Avant d’être un golf dix-huit trous, peut-être un jour, et une zone urbanisée de 600 logements qui domineront le lac de Villeneuve-de-la-Raho (Pyrénées-Orientales), en espérant qu’il ne soit pas à sec, c’est un champ de bataille climatique de 180 ha. Il a été défriché depuis janvier et clôturé par de grandes banderoles orange fluo dont le plastique se désagrège dans la Tramontane. Le projet est ancien et chaotique. Il date de 2003 et a fait l’objet de la signature d’une déclaration d’utilité publique par le préfet Philippe Chopin en 2019 à l’heure où le manque d’eau était encore une blague d’apéro.
En février 2024, on ne rit plus. Le département est en voie de désertification faute de pluies. Il pourrait manquer d’eau avant l’été pour la vie quotidienne de beaucoup : agriculteurs, opérateurs touristiques, particuliers. Les scientifiques de l’université de Perpignan s’insurgent contre ce projet anachronique dont les greens deviendront poussière.

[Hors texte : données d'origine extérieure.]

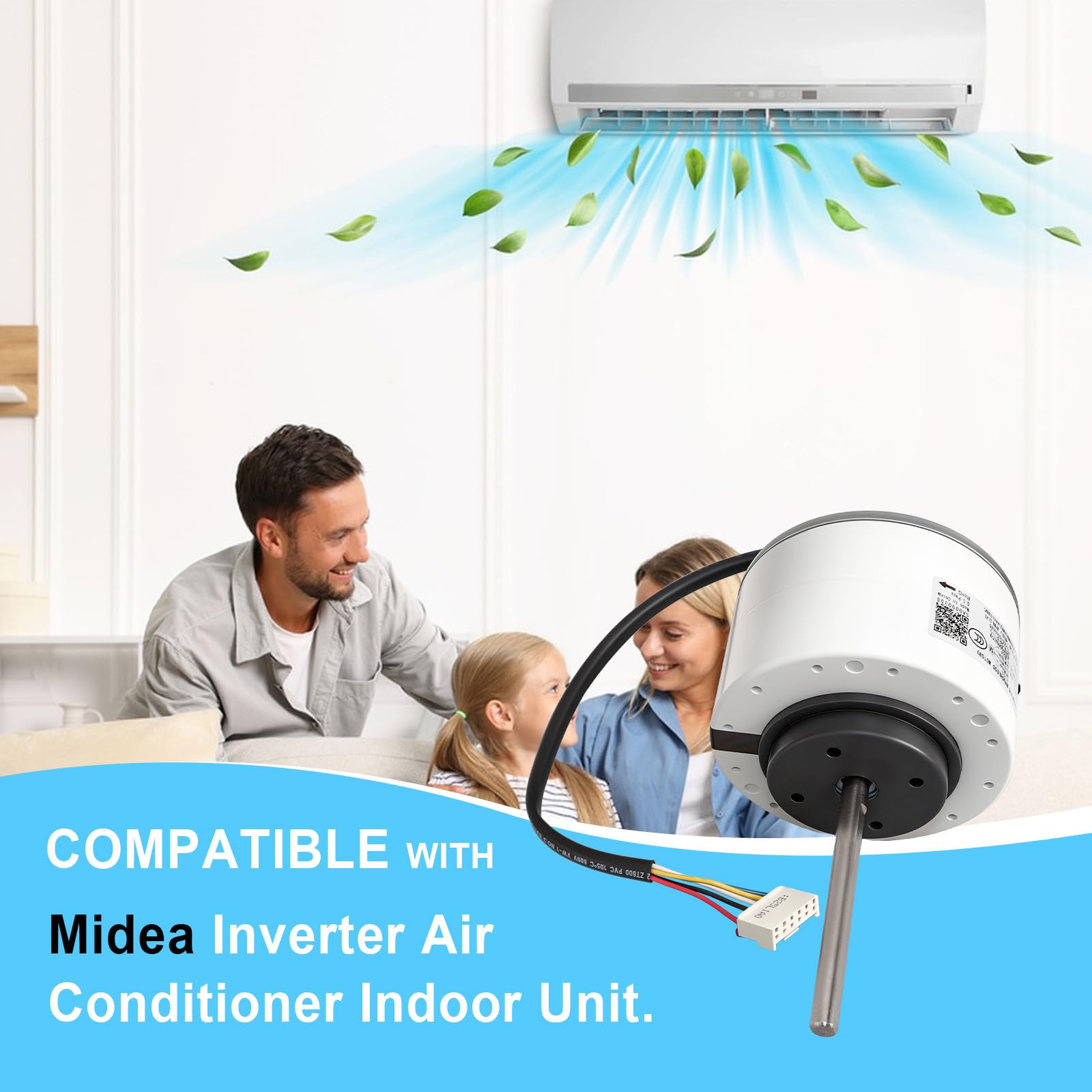 WZDK58-38G Motor de aire acondicionado compatible con Midea Inverter AC, reemplaza SIC-55CVL-F159-1 ZKFP-58-8-1-5 310V 58W 8P 1350r/min CCW 5 cables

« Le golf se fera et il deviendra même un site pilote pour la problématique de l’eau dans le département et bien au-delà. L’eau de notre station d’épuration permettra l’irrigation à 100 % du golf après retraitement. Jusque-là on rejetait un million de litres par jour dans un étang salé sans la réutiliser », argumente la mairesse LR Jacqueline Irlès.

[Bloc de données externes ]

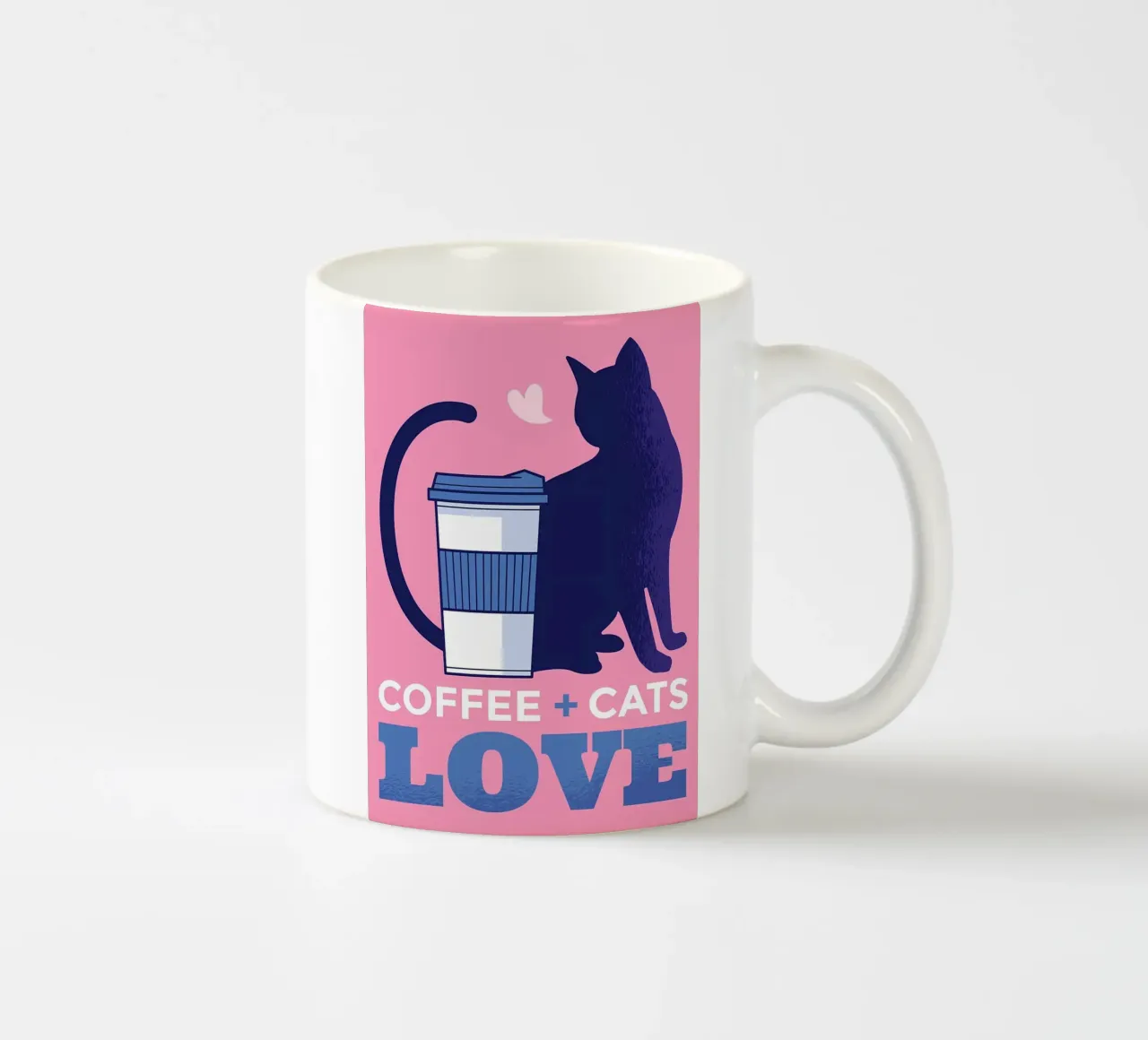 Caffè e gatti sono amore tazza in ceramica da Bartosz Powalka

« C’est un golf mort-né ! »
« L’eau de la station d’épuration ne suffira pas. À telle enseigne que Madame Irlès a passé un accord avec le maire communiste d’Elne, Nicolas Garcia, pour pomper l’eau du lac de la Raho qui appartient au conseil départemental dont il est le premier vice-président », rétorque Joan Nou, président d’Agissons 66, mouvement citoyen opposé à ce programme golfique et immobilier, porté par les opérateurs Belin promotion de Toulouse (qui n’a pas répondu à notre demande d’interview) et GGL de Montpellier qui gèrent le dossier, et notamment les expropriations, depuis 2008. « Sans oublier, ajoute Joan Nou, qu’avec un vent à 15 km/h, on ne peut plus arroser. Et ici la Tramontane, c’est en moyenne 100 jours par an. C’est un golf mort-né ! »

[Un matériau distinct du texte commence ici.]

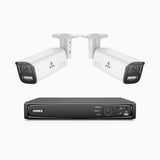 HZ804 - Kit de 2 cámaras de vigilancia PoE de 4K con videograbador NVR de 8 canales, zoom óptico 4X, doble luz visión nocturna, detección de movimiento 2.0, Micrófono incorporado, alarma de sirena y estroboscópica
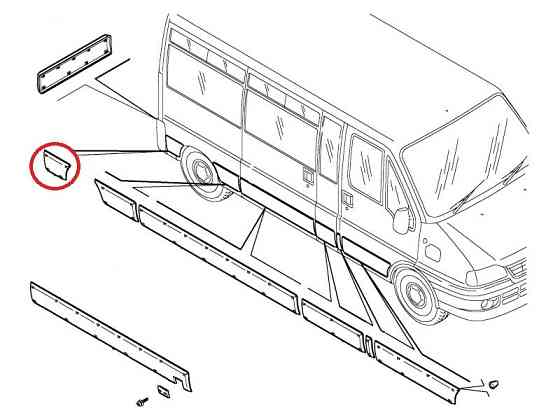 Накладка GP Fiat Ducato 2 Тип 244 бокова задня права за аркою 37x34cm (735338235) Київ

Le 21 décembre dernier, les opérateurs ont obtenu gain de cause sur les expropriations devant le tribunal judiciaire de Perpignan. Mais les opposants instruisent une procédure judiciaire portée prochainement auprès du procureur de la République par Me Philippe Capsié. Dans l’état actuel du dossier, il s’agit de plaintes sur trois motifs : détournement de fonds publics, non-respect des règles des marchés publics et délit de favoritisme. La mairie aurait réalisé et payé des travaux qui incombaient aux opérateurs et une élue municipale aurait bénéficié d’un tarif préférentiel pour céder son terrain, bien supérieur à celui de ses voisins expropriés.
Me Capsié agit pour plusieurs familles de propriétaires fonciers. Mais il n’est pas le seul à ferrailler devant les tribunaux. Me Jean Codognès, président du mouvement Pays Catalan écologie, a déjà saisi le tribunal administratif de Montpellier d’une procédure en annulation de la déclaration d’utilité publique 2019. Et il destine ce brûlant dossier à Christophe Béchu, le ministre de la Transition écologique. Dernièrement, le secrétaire général de la préfecture des Pyrénées-Orientales expliquait que tout était légal et que le projet pouvait continuer son chemin.